First, we do need to revisit the racial aspect. This year was one of the last steps toward the colorblind society of Dr Martin Luther King spoke of so many years ago. The final few steps will take decades (because most of the old racists have to die) before we look back and wonder "What's the big deal about Obama getting elected?" I expect to see this in my children's generation. I expect that they will grow up in a world where race is, at most, used to describe what a person looks like. I don't expect racism to be completely extinct, but it is clearly now more the exception than the rule.
Second, the most important reason of this day is that it marks the 34th peaceful transfer of power from one man to the next. As for the other nine, four were due to assassination (Lincoln, Garfield, McKinley, Kennedy), four presidents died otherwise (Harrison, Taylor, Harding, Roosevelt), and Nixon, who resigned. One of the greatest strengths of our republic is the mechanism by which we transfer power from man to man and party to party without fights, without bloodshed, without revolution. And even in the cases of assassination, the murder did not precipitate a violent change in leadership, but an orderly succession that exists to protect us from the mortality of our leaders. So whether our leaders have made it one term, two terms, four terms, or a month, we have always known and expected that when the time or crisis comes, the next man will step up and take on the role pf President.
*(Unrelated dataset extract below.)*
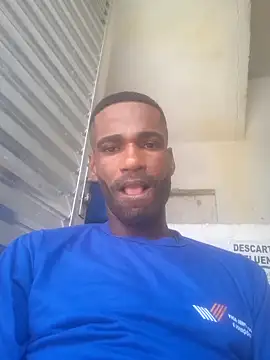 negrobrazil92 online show from November 3, 2025, 2:07 pm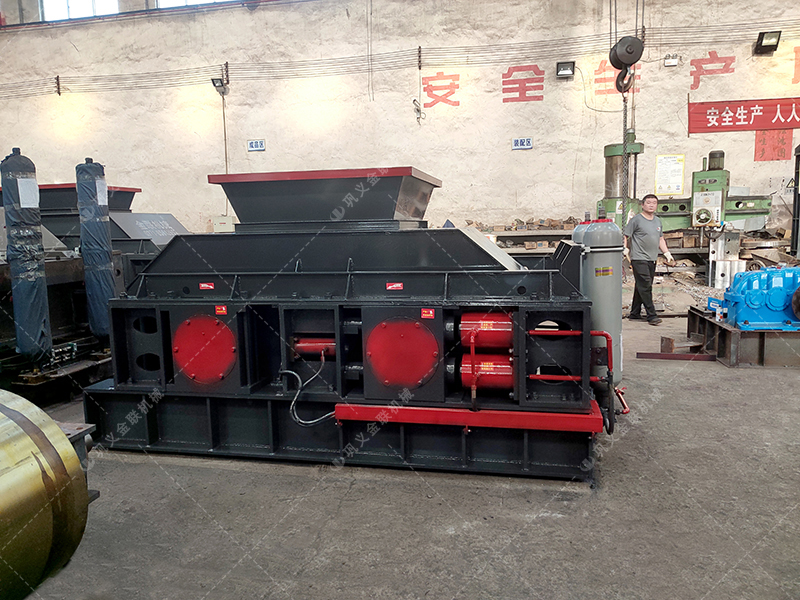 2PGY1007型全自動液壓對輥破碎機發往河北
Finally, I have a message for those on the right who are, understandably, a little bummed about watching the liberal march on Washington with little of an opposition party. Bitterness does not become us. All of us believe in the sacred nature of the Constitution in its role as the foundation for our way of life. Many of us believe that it is a document implicitly ordained by God over a just and upright people. And it is in that spirit that we should observe our republic at work.
Tomorrow, every American that is able should pause and observe this solemnity.
I was flipping through the channels last night looking for odd things on the inauguration. I came upon the Eisenhower inauguration first (C-SPAN: Gotta love it). I wasn't even a dirty thought when Ike took over. But there was a sense of power as I listened to him take the oath. A solemnity and sacredness that is at the heart of our system of government.
Later, as I got to this sentence, I found Reagan's inaugural address . Standing behind President Reagan was President Carter, newly become an ex. And as I have stated above, so did the Gipper:
To a few of us here today, this is a solemn and most momentous occasion; and yet, in the history of our Nation, it is a commonplace occurrence. The orderly transfer of authority as called for in the Constitution routinely takes place as it has for almost two centuries and few of us stop to think how unique we really are. In the eyes of many in the world, this every-4-year ceremony we accept as normal is nothing less than a miracle.
Mr. President, I want our fellow citizens to know how much you did to carry on this tradition. By your gracious cooperation in the transition process, you have shown a watching world that we are a united people pledged to maintaining a political system which guarantees individual liberty to a greater degree than any other, and I thank you and your people for all your help in maintaining the continuity which is the bulwark of our Republic.
The business of our nation goes forward.
And Barack Obama will soon carry that business forward.